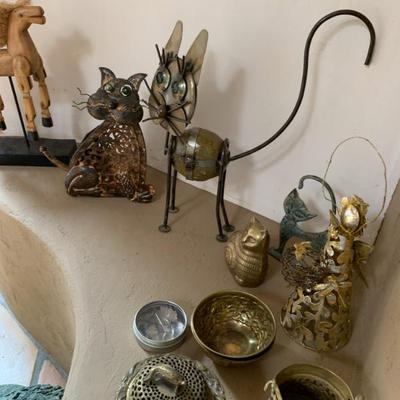 Sale Photo Thumbnail #55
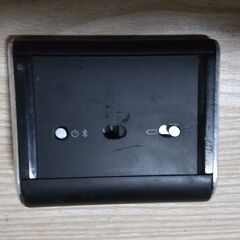 Microsoft Wedge Touch Mouse 3LR-00008の画像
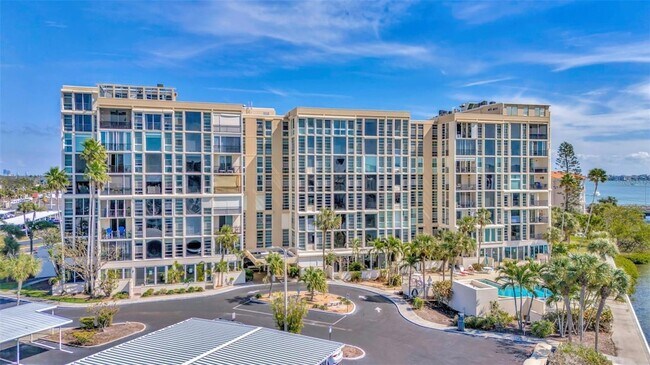 Primary Photo - 7400 Sun Island Dr S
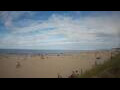 Webcam Swinoujscie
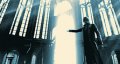 Resonance of Fate lib�re Tri-Ace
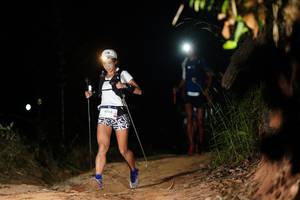 BIB: 
                            <button type="button" onclick="openModal(19127866)" class="btn btn-primary btn-sm float-right btn-popup" data-toggle="modal" data-target=".modal-high-quality">
                        <i class="fas fa-shopping-cart"></i> Add to Cart
                    </button>
                                            <button type="button" onclick="isThisMe(19127866, true)" class="btn btn-success btn-sm float-right btn-popup btn-isme hidden" data-toggle="tooltip" data-placement="bottom" title="นี่คือรูปของคุณใช่ไหม คลิกที่นี่เพื่อเอาเข้าอัลบั้ม">
                        <i class="fas fa-plus"></i> Add to album
                    </button>
                    <button type="button" onclick="isThisMe(19127866, false)" class="btn btn-warning btn-sm float-right btn-popup btn-isnotme hidden">
                        <i class="fas fa-ban"></i> Remove from album
                    </button>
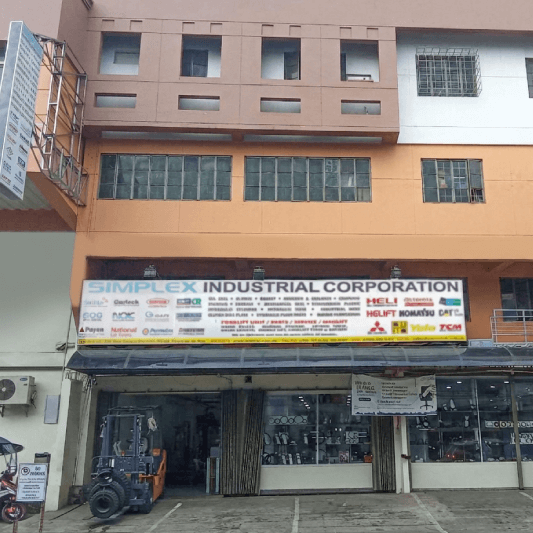 CAGAYAN DE ORO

________________________

What is required » Pull every line with the string "float" from the data above.

Written reply »
                            <button type="button" onclick="openModal(19127866)" class="btn btn-primary btn-sm float-right btn-popup" data-toggle="modal" data-target=".modal-high-quality">
                                            <button type="button" onclick="isThisMe(19127866, true)" class="btn btn-success btn-sm float-right btn-popup btn-isme hidden" data-toggle="tooltip" data-placement="bottom" title="นี่คือรูปของคุณใช่ไหม คลิกที่นี่เพื่อเอาเข้าอัลบั้ม">
                    <button type="button" onclick="isThisMe(19127866, false)" class="btn btn-warning btn-sm float-right btn-popup btn-isnotme hidden">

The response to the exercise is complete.